» How to complete this task
Only an exact repetition of the lines from the one that holds "this 1440×808 image." to the end of the records is wanted.

[Stored records]

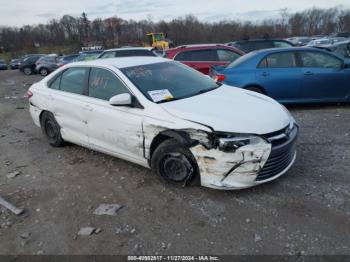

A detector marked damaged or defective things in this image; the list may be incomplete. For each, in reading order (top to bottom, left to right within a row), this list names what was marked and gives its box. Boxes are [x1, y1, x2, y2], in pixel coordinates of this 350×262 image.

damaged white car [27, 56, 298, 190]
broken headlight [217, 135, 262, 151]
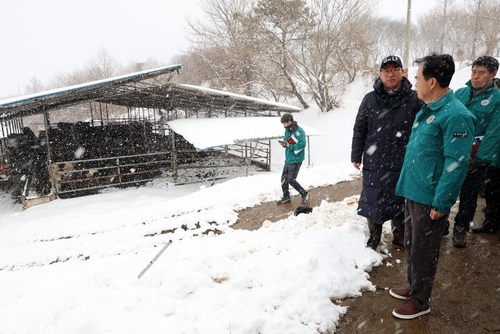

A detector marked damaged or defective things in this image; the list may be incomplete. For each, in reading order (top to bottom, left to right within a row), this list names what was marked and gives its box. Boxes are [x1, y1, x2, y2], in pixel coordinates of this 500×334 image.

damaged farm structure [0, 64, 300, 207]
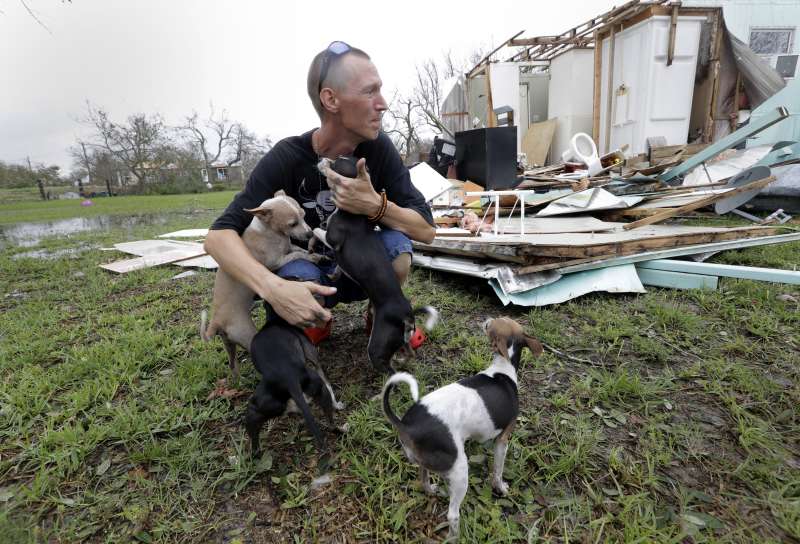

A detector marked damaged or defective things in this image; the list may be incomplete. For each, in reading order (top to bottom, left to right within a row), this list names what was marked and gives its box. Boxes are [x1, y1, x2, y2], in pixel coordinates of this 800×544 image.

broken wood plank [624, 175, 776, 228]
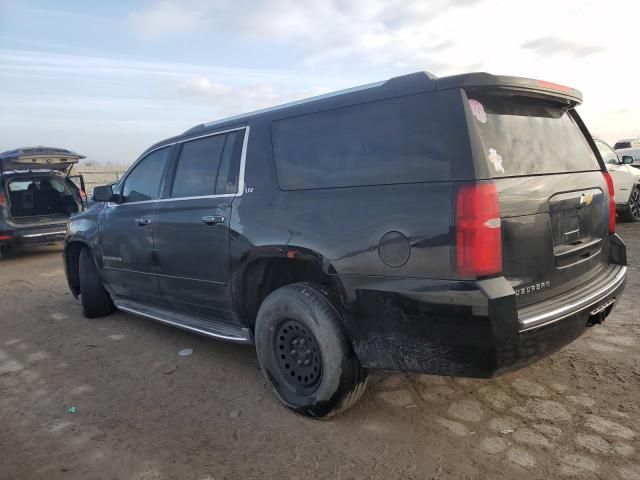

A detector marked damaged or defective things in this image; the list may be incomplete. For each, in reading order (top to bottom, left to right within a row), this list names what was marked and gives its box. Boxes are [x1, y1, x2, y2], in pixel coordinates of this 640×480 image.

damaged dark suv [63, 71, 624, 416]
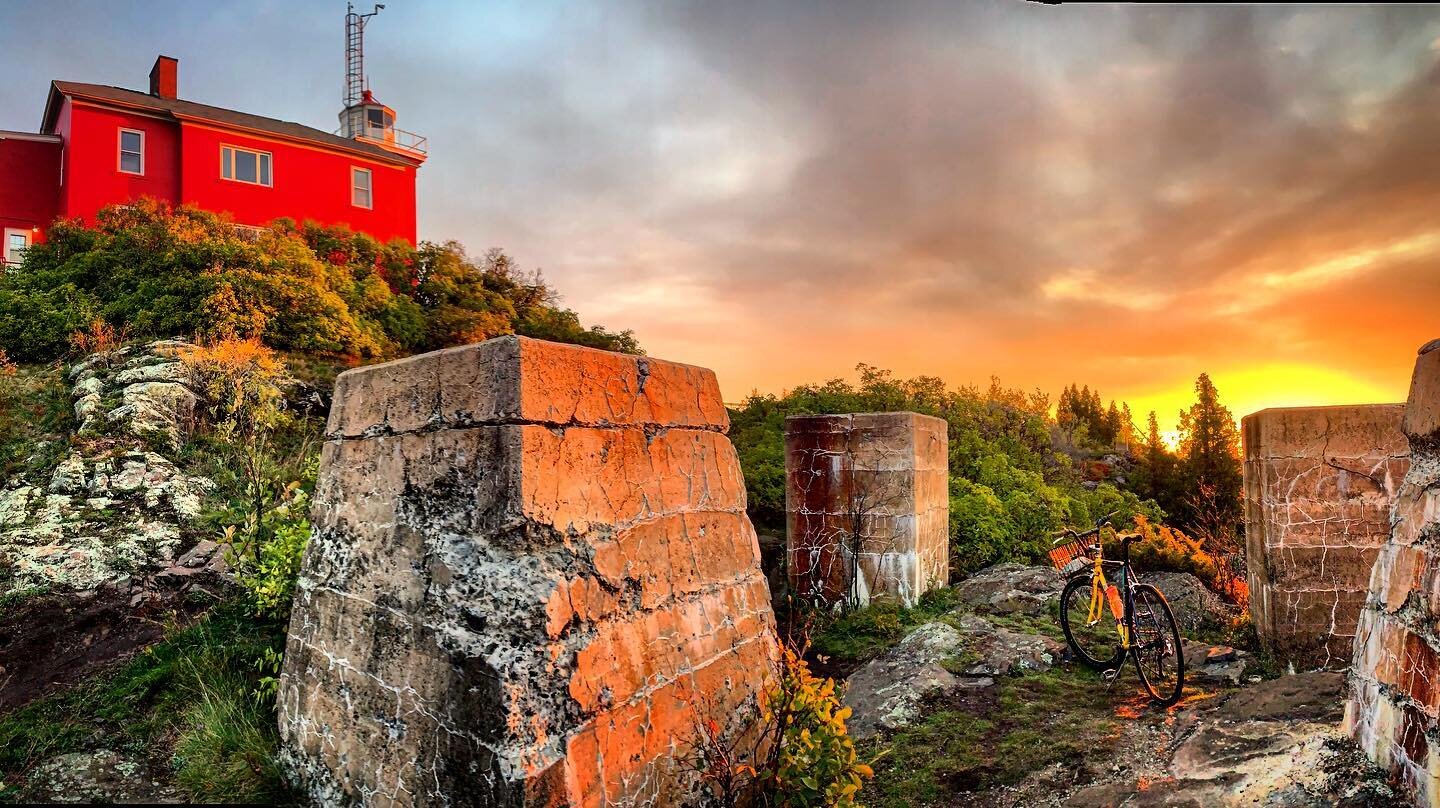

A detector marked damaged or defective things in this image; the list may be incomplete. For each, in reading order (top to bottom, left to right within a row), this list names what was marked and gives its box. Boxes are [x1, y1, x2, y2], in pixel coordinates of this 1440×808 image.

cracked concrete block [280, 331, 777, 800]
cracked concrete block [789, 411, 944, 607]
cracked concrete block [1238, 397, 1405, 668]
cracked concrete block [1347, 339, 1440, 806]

» Result of the task
A detector marked damaged or defective things in this image; the list may be incomplete. For each, in reading order (top to bottom, left to right within a row), this list names what was marked and gives its box. Boxes are [x1, y1, x2, y2], in pixel coordinates of this 1440×808 image.

cracked concrete block [280, 331, 777, 800]
cracked concrete block [789, 411, 944, 607]
cracked concrete block [1238, 397, 1405, 668]
cracked concrete block [1347, 339, 1440, 806]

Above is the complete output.